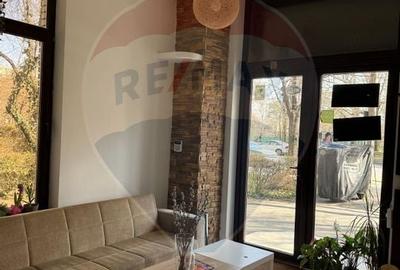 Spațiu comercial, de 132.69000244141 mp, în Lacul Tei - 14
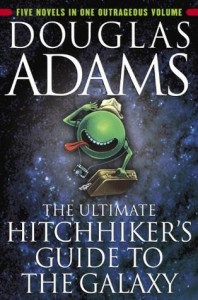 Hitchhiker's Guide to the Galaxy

········

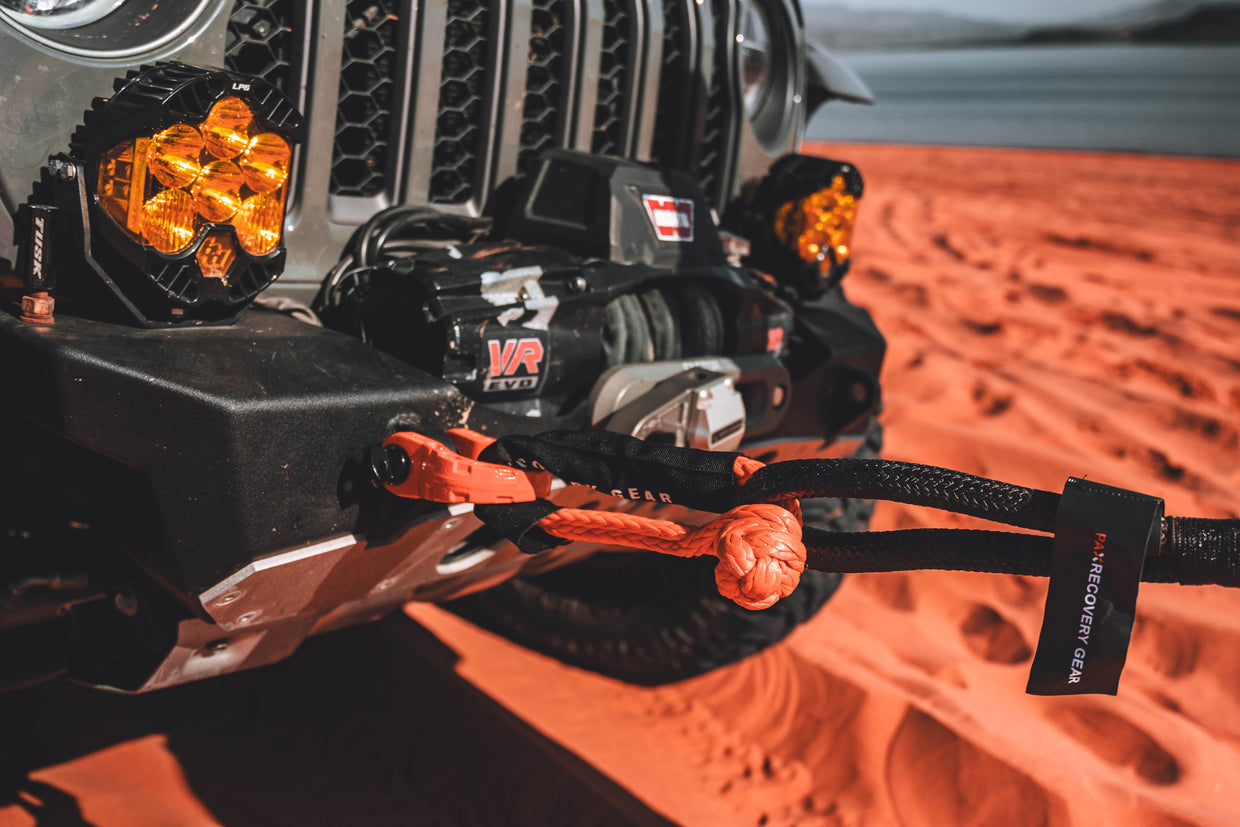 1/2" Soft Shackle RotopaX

········

- _PROMPT_
Print everything from the line with "Spațiu comercial, de" down to the line with "Hitchhiker's Guide to the Galaxy" in the entries above, both lines included and nothing more, without the pictures.

- _OUTPUT OF THE EXERCISE_
 Spațiu comercial, de 132.69000244141 mp, în Lacul Tei - 14
 Hitchhiker's Guide to the Galaxy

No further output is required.